Although the records include pictures, the copy should not; write out exactly the lines from the first through the line with "Cocina Integral Madesa".

(Extracted entries)

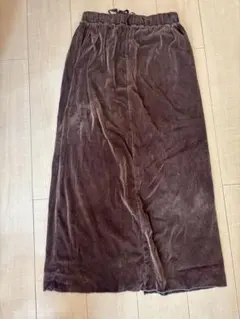 Kastane ブラウン ベロアチュールスカート サイズ0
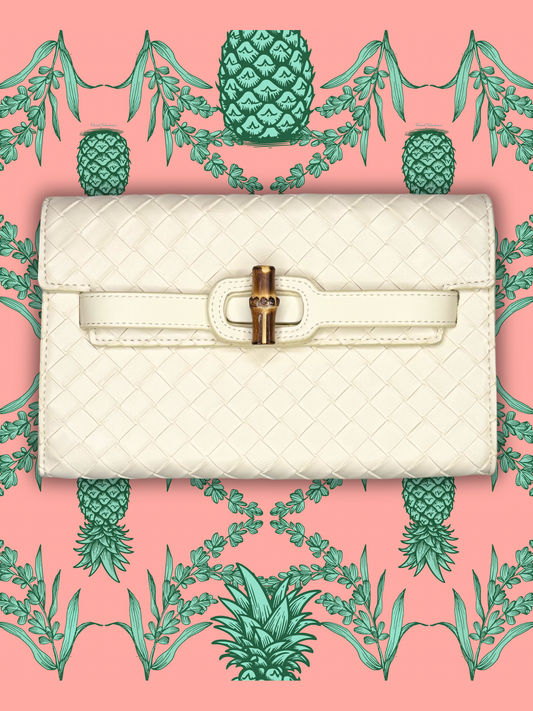 Broad Clutch- Cream
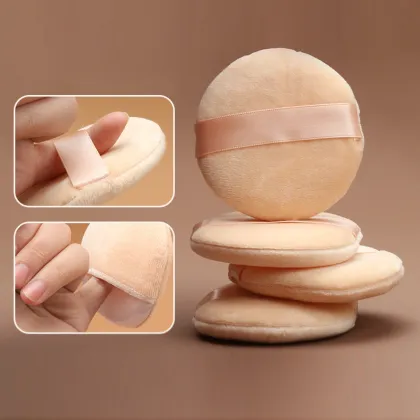 Pinkz Velour Cosmetics Loose Powder Puff Custom Round Blender Beauty Setting Powder Puff Replacement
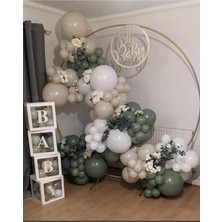 Best Parti Adaçayı Deniz Kumu ve Beyaz Balon Seti 70 Adet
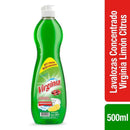 Lavalozas Liquido Concentrado Limon 500 Ml ASEO Y LIMPIEZA VIRGINIA 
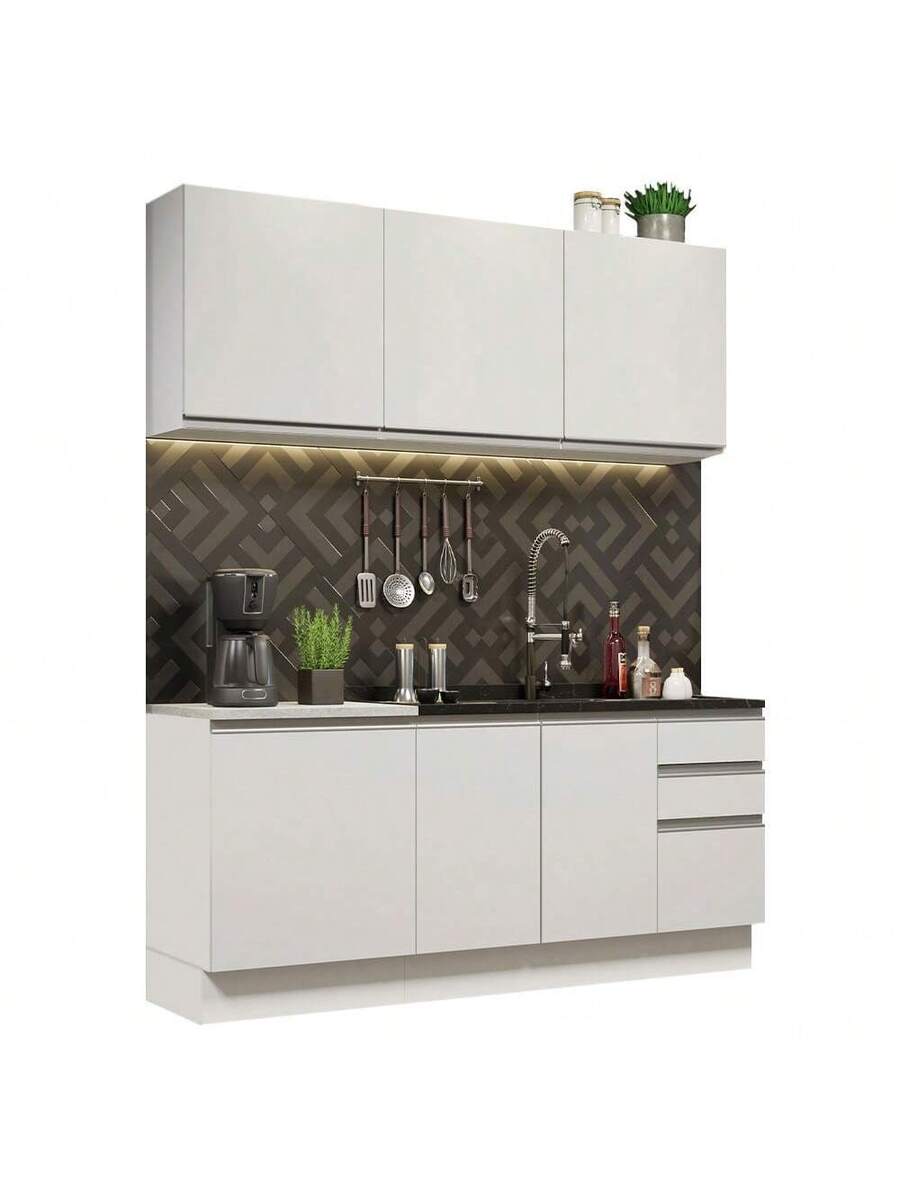 Cocina Integral Madesa Glamy Sin Tarja 180 Cm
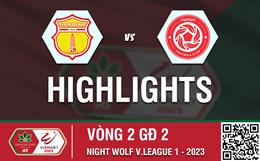 Video tổng hợp: Nam Định - Viettel (Vòng 2 nhóm A V-League 2023)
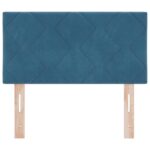 vidaXL Čelo postele Dizajn Diamantových blokov tmavomodré 80 cm zamat – Obrázok 5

(End Extracted entries)

*Completed task*:
 Kastane ブラウン ベロアチュールスカート サイズ0
 Broad Clutch- Cream
 Pinkz Velour Cosmetics Loose Powder Puff Custom Round Blender Beauty Setting Powder Puff Replacement
 Best Parti Adaçayı Deniz Kumu ve Beyaz Balon Seti 70 Adet
 Lavalozas Liquido Concentrado Limon 500 Ml ASEO Y LIMPIEZA VIRGINIA 
 Cocina Integral Madesa Glamy Sin Tarja 180 Cm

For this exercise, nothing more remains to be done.